Probably a bit of a 'baby with the bathwater' situation here. At almost no point has that institution been a net positive - at times snooping on 'political dissidents' (like MLK Jr.), and at others bungling cases so bad they become moments of national shame (Ruby Ridge).
You're never going to get a system with a clandestine domestic service running ethically for long, esp. not with qualified immunity. It's simply too attractive to dumb psychopaths with delusions of grandeur and concurrently not of interest to people with a strong sense of community or morals.
> At almost no point has that institution been a net positive
Hard to measure, isn't it. In the eyes of the millions of americans who have at some point in their life been victims or related to or friends of victims of some kind of serious crime, the FBI has often times been helpful and/or the prospect of being caught has been a deterrent for crimes.
You contrast that with all the bad that has come from there, of which there is surely plenty, but how come you claim thay the bad obviously must outweigh the good?
You're right that I'm taking a bit of a shortcut - my assessment is based on what I know to be true in both directions, the things they've done right versus the things they've done wrong. The CARD program, stopping the times square bomber, Don C. Miller, Zazi versus COINTELPRO, Stingray, MLK, Ruby Ridge, basically everything J Edgar Hoover ever touched (like the Palmer Raids), Steven Hatfill and Brandon Mayfield.
If you ask me, I'd trade the good for enduring the bad.

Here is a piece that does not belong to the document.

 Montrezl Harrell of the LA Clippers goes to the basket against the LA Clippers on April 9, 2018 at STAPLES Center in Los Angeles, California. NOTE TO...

My shortcut is admittedly a sloppy heuristic (because what else do you have for unknowns like this); for the unmeasurable effects, my bet is that they skew roughly the same as the measurables. For every serial killer who thought twice, there have probably been many political activists who have also thought twice. The deterrent effect cuts both ways if your actions cut both ways. We also know about enough falsely accused / imprisoned that we can assume we ain't figured them all out. For every family that feels safer with the FBI around, there are families that feel less safe, because people "like them" have been framed, murdered, snooped on, suppressed, and criminalized.

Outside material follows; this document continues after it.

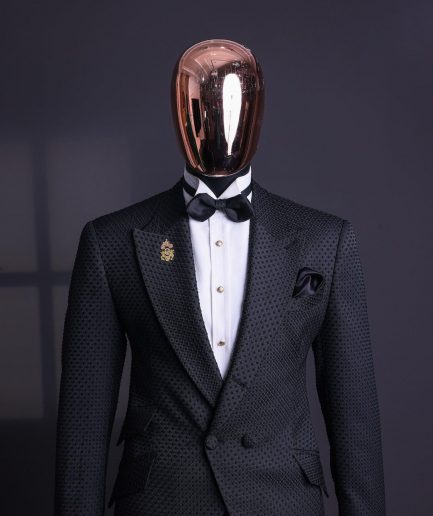 A Charcoal black, dotted jacquard, half-double-breasted suit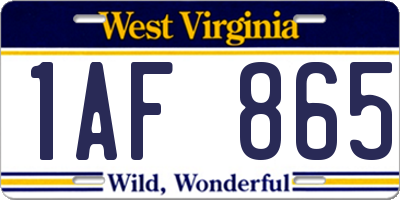 WV license plate 1AF865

So yeah, it is hard to measure - but not impossible to come to a conclusion, as far as I'm concerned.
Another way to look at it is this; if you're going to hand the mandate of violence and skullduggery to an institution, you should be damn sure that they have standards and practices that solidly enforce competence and ethics - and even considering the good, we know pretty conclusively that they have failed in this regard. I don't want to play russian roulette with law enforcement - they should get it right almost all of the time or step aside so someone who knows what they're doing can handle it.
Well, when you hear a knock on the door and someone say "FBI, open up", do you think "thank god, some extra protection", or "oh fuck"?

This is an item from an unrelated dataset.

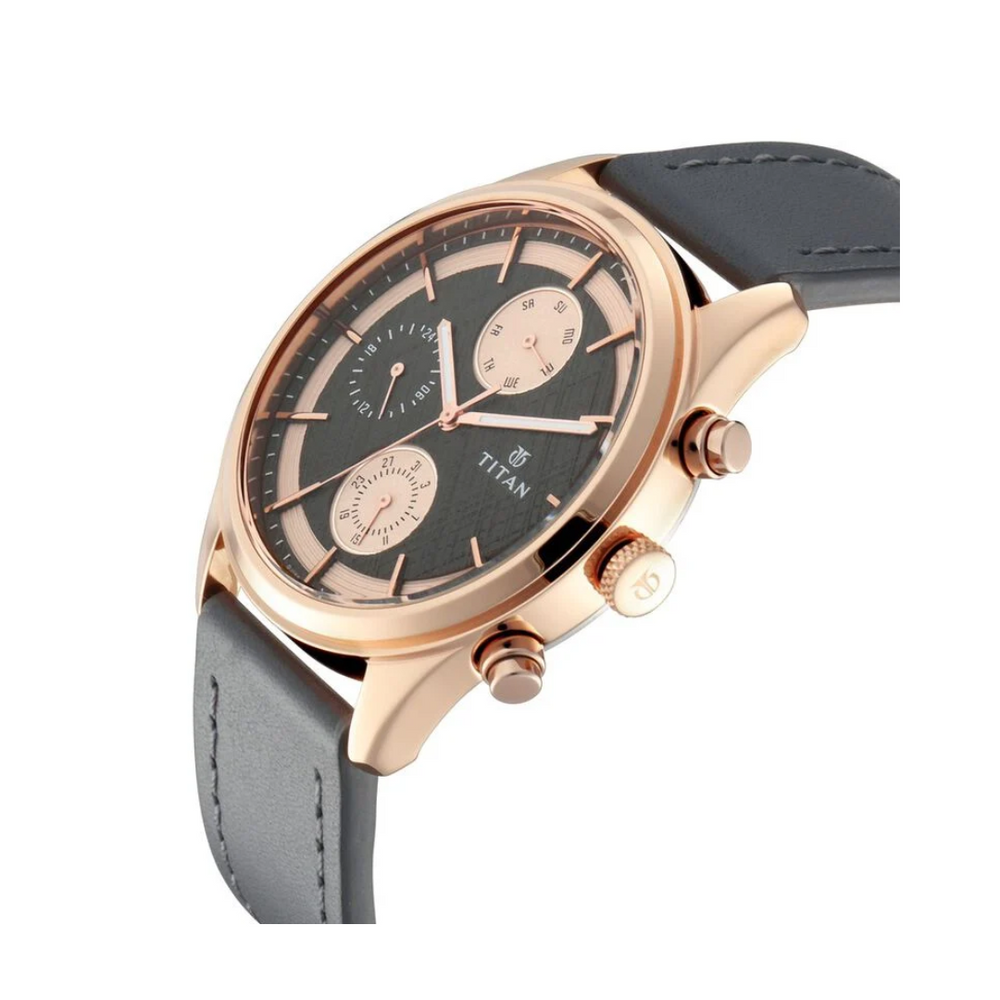 Titan Workwear Grey Dial Quartz Multifunction Leather Strap watch for Men 1805WL01 - KRISHNA WATCH COMPANY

If you choose to engage law enforcement personnel, it's "thank god, some extra protection" (hopefully!), but if there is a situation where law enforcement personnel engage you, it's either "huh?" or "oh fuck". This isn't different for the FBI than for local or state-level police.
If some law enforcement personnel show up that you didn't invite, they could be there for a large number of reasons. How worried you'll be depends on how likely you think they are to do what they're supposed to do instead of what they're not.
If they're canvassing for witnesses, are they going to charge through your yard and shoot your dog? If they're investigating someone else, how likely are they to try to come up with something unreasonable to charge you with for leverage and then make you plead it down to a penalty that still isn't zero in exchange for giving them information you might not even have and would then be forced to choose between fabricating to get the deal and "not cooperating" and getting a serious prison sentence?
If someone is attempting to SWAT you, how likely are they to ascertain the situation instead of shooting first and asking questions later?
If their investigation has led them to you for some reason even though you're innocent, do you expect them to care about the truth or just railroad you?
If you hear the name of a particular law enforcement agency unexpectedly when you don't have any reason to think you've done anything wrong and your instinct still has to be "oh fuck" then they're bad at their jobs.
I think most people would have essentially the same reaction to either FBI or state/local police showing up at their door with "[Police|FBI], open up!", and it depends more on whether they believe they've done something illegal than the reputation of the agency. This was my disagreement with GP(stavros).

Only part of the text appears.